If you’re an Army officer transitioning out of Active Duty, or just thinking about it at this point, this article is for you.

I recently learned about this opportunity through a few friends and it’s a program that–in my opinion–allows for maximum flexibility while still providing you the opportunity to contribute in a way that can be meaningful and rewarding. This opportunity is called the Military Academy Liaison Officer (MALO) Program.

Fortunately for me, I was able to connect with both someone who is a senior leader in this organization and two officers who are both currently MALOs. From our conversations, I got the unique perspectives of some individuals who decided to leave active duty for whatever reason, but were appreciative to contribute in a different way.

Let’s dive into the MALO basics:

Straight from West Point’s website, a “Military Academy Liaison Officer Program was established in 1970 for the purpose of accessing Army Reserve Officers to function as community-based admissions officers supporting the United States Military Academy (USMA) and the Army’s Reserve Officer Training Corps (ROTC) scholarship programs.”

More specifically, according to the MALO officers I spoke with, your job includes anything from administering a Candidate Fitness Assessment, to assisting high school students through the paperwork requirements of the application process, to interviewing applicants.

The number of authorized IRR (Individual Ready Reserve–if you don’t know what this is, click here for a previous post) positions within this program translates roughly to the amount of congressional districts there are, which is 435. That’s a significant amount of slots–and there’s no shortage of vacancies. According to my source, there are 100+ positions that are currently occupied. So there are plenty left to go around!

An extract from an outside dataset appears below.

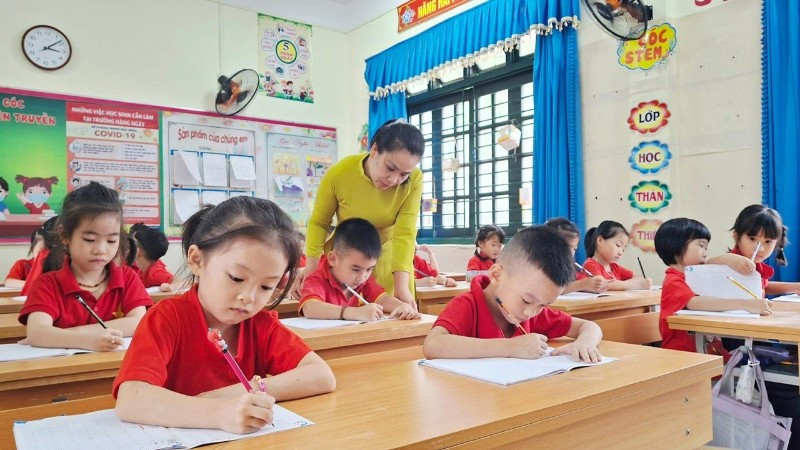 Dạy tiếng Việt cho trẻ là người dân tộc thiểu số trước khi vào lớp 1 tại Trường tiểu học Sông Cầu. (Ảnh: Ánh Thùy)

So if command and staff meetings, storyboards, and the grind have you down, don’t fear! There are a surprising number of ways that you can make a positive impact while simultaneously walking away from active duty. Just think—you too can persuade high school kids to sell their souls to Uncle Sam to only end up walking hundreds of hours on the area! Just kidding…kind of.

Onto the details: Here’s what you need to know!

As I interviewed these three officers, I had the opportunity to ask a lot of questions, learn about their background, and pick their brains. As always, I’ve kept everyone anonymous so people can speak with complete candor. Below I’m going to run through all of my questions and provide a consolidated answer to each question based on the three sets of responses I received. Fortunately, I was able to get three distinct perspectives–my hope is that this compilation of anecdotal knowledge is something that can be useful for you as you consider whether this is something you’d like to do!

How did you learn about the MALO opportunity?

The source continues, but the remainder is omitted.